GraphGhost: Tracing Structures Behind Large Language Models
This work addresses the need for interpretability in AI by providing a tool to analyze and intervene in the structural foundations of reasoning in large language models, which is incremental in advancing model understanding.
The paper tackles the problem of understanding the structural mechanisms behind large language models' reasoning capabilities by introducing GraphGhost, a framework that represents neuron activations as graphs, enabling analysis and interventions that reveal key neuron nodes and their impact on reasoning.
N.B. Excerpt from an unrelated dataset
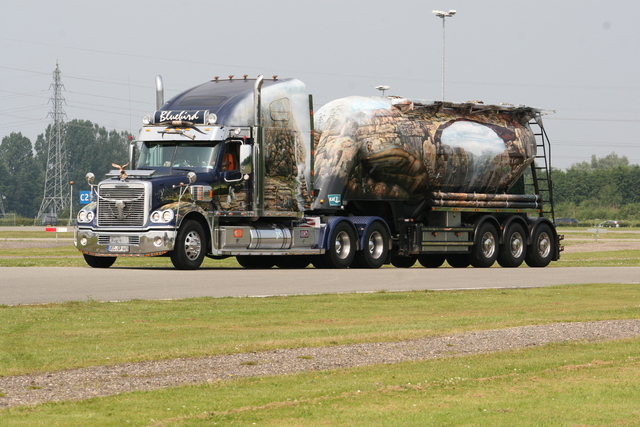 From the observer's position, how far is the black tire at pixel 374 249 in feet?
94.0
Large Language Models (LLMs) demonstrate remarkable reasoning capabilities, yet the structural mechanisms underlying these abilities remain under explored. In this work, we introduce GraphGhost, a unified framework that represents neuron activations and their signal propagation as graphs, explaining how LLMs capture structural semantics from sequential inputs and generate outputs through structurally consistent mechanisms. This graph-based perspective enables us to employ graph algorithms such as PageRank to characterize the properties of LLMs, revealing both shared and model-specific reasoning behaviors across diverse datasets. We further identify the activated neurons within GraphGhost and evaluate them through structural interventions, showing that edits to key neuron nodes can trigger reasoning collapse, altering both logical flow and semantic understanding. Together, these contributions position GraphGhost as a powerful tool for analyzing, intervening in, and ultimately understanding the structural foundations of reasoning in LLMs.